Try Golfing for Fitness
Consider this: On an 18-hole golf course, you'll log 5 to 6 miles of walking. "Do this a few times a week and you have a great fitness foundation," says Andy Fish, director of instruction at Forged Golf and Fitness in Mequon, Wisconsin. Even if you ride a cart, golf hones balance, coordination and mental focus—plus it's outside and socially distanced.
Three-quarters of the country's golf courses are open to the public, and initiatives from PGA, LPGA and others are helping to lower the cost of entry and raise inclusivity. If you're new to golf and nervous you'll look clueless on the green, don't be. Buy used clubs (start with a 3-wood, putter, wedge and a few irons). Then book a lesson, ideally with a PGA pro, via pga.com. "Most instructors will be able to help a beginner, but the connection should be there," says Fish, who suggests a trial lesson first. "Beginners need to find fun in golf."
Three to try
THE PRAIRIE CLUB With no set tee boxes marking where golfers of different skill levels should tee off, the 10-hole Horse Course at The Prairie Club in Valentine, Nebraska, is about enjoyment over eagles.

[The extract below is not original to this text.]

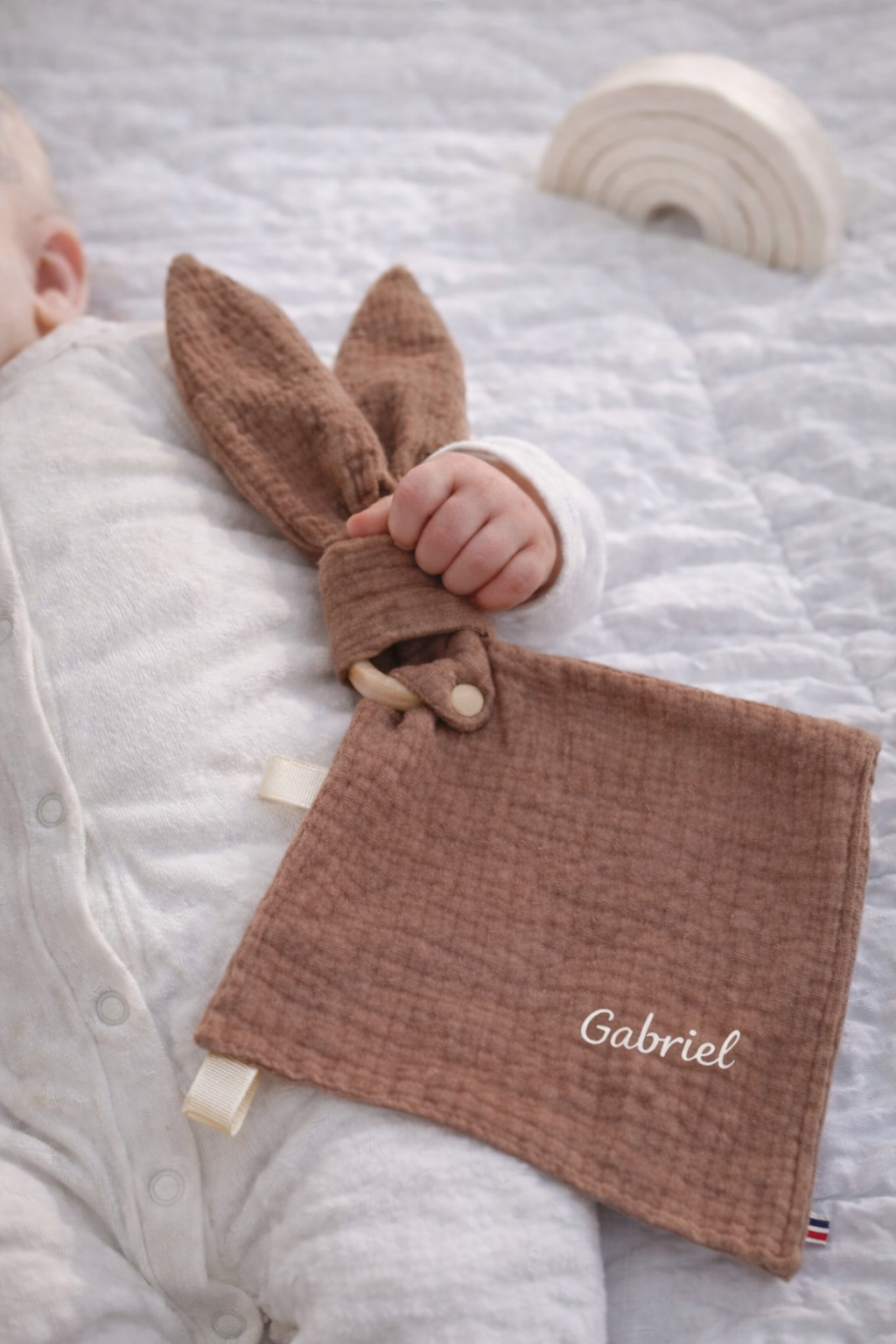 Doudou lapin Personnalisable · Gaze de coton Marron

BIG CEDAR LODGE Winding through dramatic rock formations near Branson, Missouri, the 13-hole Mountain Top Course (pictured above) is one of five at Big Cedar, which also opened Tiger Woods' first public links in fall 2020.
WILD ROCK GOLF CLUB Stay at Wilderness Resort in the Wisconsin Dells and get a discount at The Woods, a not-too-intimidating nine-hole short course that's well suited to kids or beginners looking to build their confidence.